DESMONTE DE UMA FALÁCIA
D. Demétrio Valentini
A questão do aborto está sendo instrumentalizada para fins eleitorais. Esta situação precisa ser esclarecida e denunciada. Está sendo usada uma questão que merece toda a atenção e isenção de ânimo para ser bem situada e assumida com responsabilidade, e que não pode ficar exposta a manobras eleitorais, amparadas em sofismas enganadores. Nesta campanha eleitoral está havendo uma dupla falácia, que precisa ser desmontada. Em primeiro lugar, se invoca a autoridade da CNBB para posições que não são da entidade, nem contam com o apoio dela, mas se apresentam como se fossem manifestações oficiais da CNBB. Em segundo lugar, se invoca uma causa de valor indiscutível e fundamental, como é a questão da vida, e se faz desta causa um instrumento para acusar de abortistas os adversários políticos, que assim passam a ser condenados como se estivessem contra a vida e a favor do aborto.
Concretamente, para deixar mais clara a falácia, e para urgir o seu desmonte:
A Presidência do Regional Sul 1 da CNBB incorreu, no mínimo, em sério equívoco quando apoiou a manifestação de comissões diocesanas, que sinalizavam claramente que não era para votar nos candidatos do PT, em especial na candidata Dilma.

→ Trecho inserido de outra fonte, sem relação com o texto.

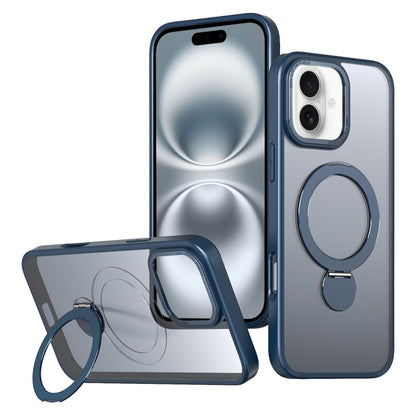 For iPhone 16 Plus Wing Series Gen2 MagSafe Metal Ring Holder Phone Case(Blue) - iPhone 16 Plus Cases by buy2fix | Online Shopping UK | buy2fix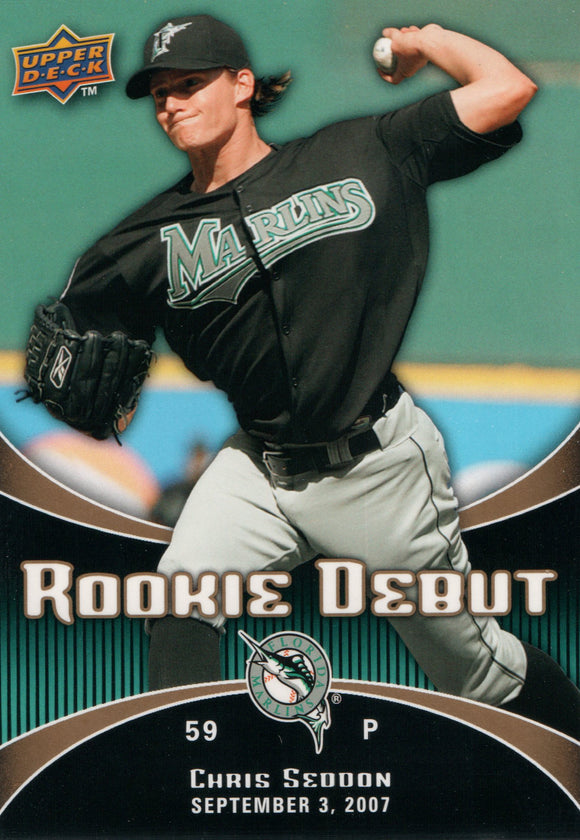 #10 Chris Seddon Rookie Debut Florida Marlins 2008 Upper Deck Series 1 Baseball Card FAJ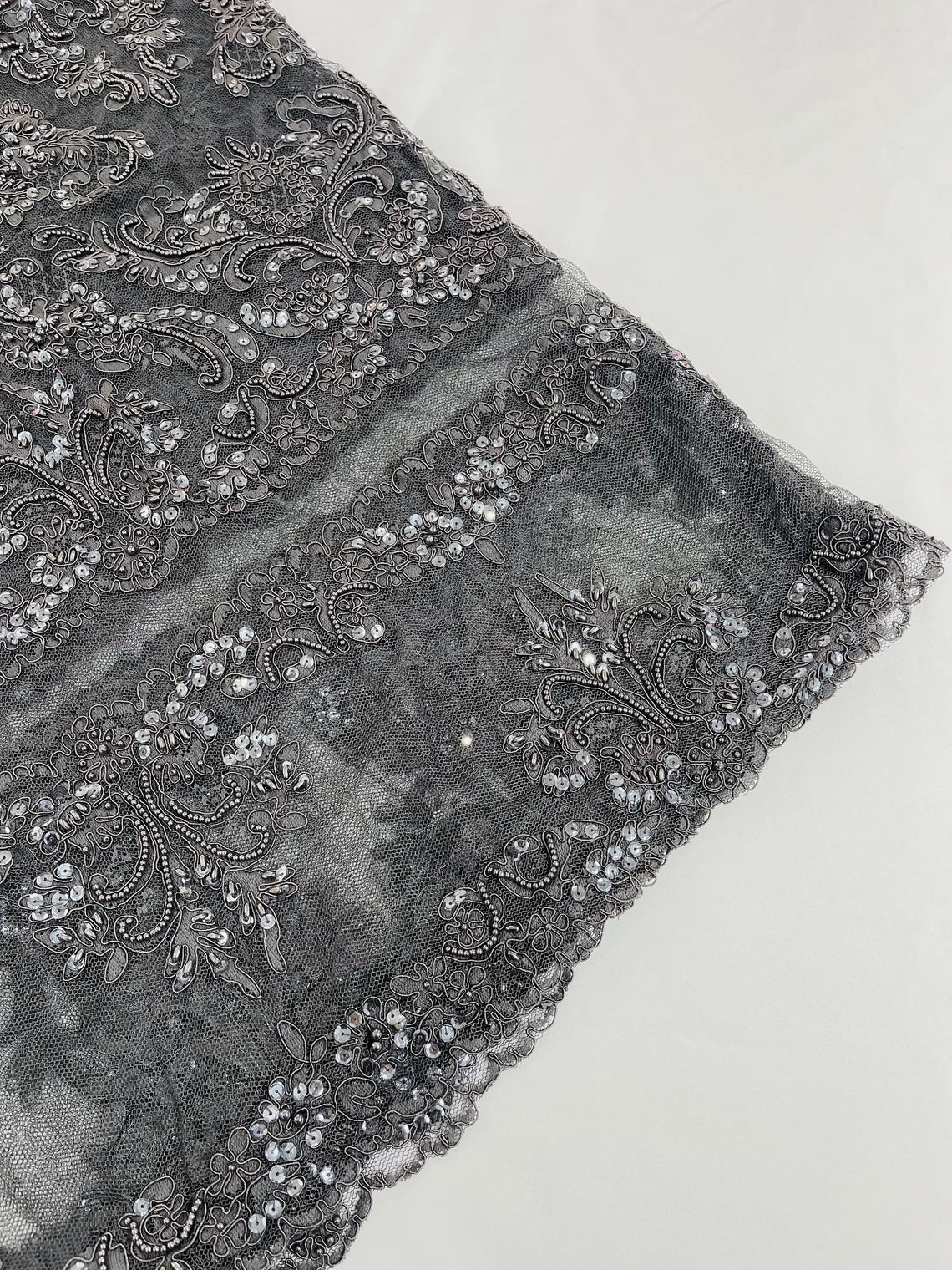 Beaded My Lady Damask Design - Charcoal - Beaded Fancy Damask Embroidered Fabric By Yard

Ora, os Bispos do Regional já tinham manifestado oficialmente sua posição diante do processo eleitoral. Por que a Presidência do Regional precisava dar apoio a um documento cujo teor evidentemente não correspondia à tradição de imparcialidade da CNBB? Esta atitude da Presidência do Regional Sul 1 compromete a credibilidade da CNBB, se não contar com urgente esclarecimento, que não foi feito ainda, alertando sobre o uso eleitoral que está sendo feito deste documento assinado pelos três bispos da presidência do Regional. Esta falácia ainda está produzindo conseqüências. Pois no próprio dia das eleições foram distribuídos nas igrejas, ao arrepio da Lei Eleitoral, milhares de folhetos com a nota do Regional Sul 1, como se fosse um texto patrocinado pela CNBB Nacional. E enquanto este equívoco não for desfeito, infelizmente a declaração da Presidência do Regional Sul 1 da CNBB continua à disposição da volúpia desonesta de quem a está explorando eleitoralmente. Prova deste fato lamentável é a fartura como está sendo impressa e distribuída.
Diante da gravidade deste fato, é bem vindo um esclarecedor pronunciamento da Presidência Nacional da CNBB, que honrará a tradição de prudência e de imparcialidade da instituição. A outra falácia é mais sutil, e mais perversa. Consiste em arvorar-se em defensores da vida, para acusar de abortistas os adversários políticos, para assim impugná-los como candidatos, alegando que não podem receber o voto dos católicos. Usam de artifício, para fazerem de uma causa justa o pretexto de propaganda política contra seus adversários, e o que é pior, invocando para isto a fé cristã e a Igreja Católica. Mas esta falácia não pára aí. Existe nela uma clara posição ideológica, traduzida em opção política reacionária. Nunca relacionam o aborto com as políticas sociais que precisam ser empreendidas em favor da vida. Votam, sem constrangimento, no sistema que produz a morte, e se declaram em favor da vida. Em nome da fé, julgam-se no direito de condenar todos os que discordam de suas opções políticas. Pretendem revestir de honestidade, uma manobra que não consegue esconder seu intento eleitoral. Diante desta situação, são importantes, e necessários, os esclarecimentos. Mais importante ainda é a vigilância do eleitor, que tem todo o direito de saber das coisas, também aquelas tramadas com astúcia e malícia.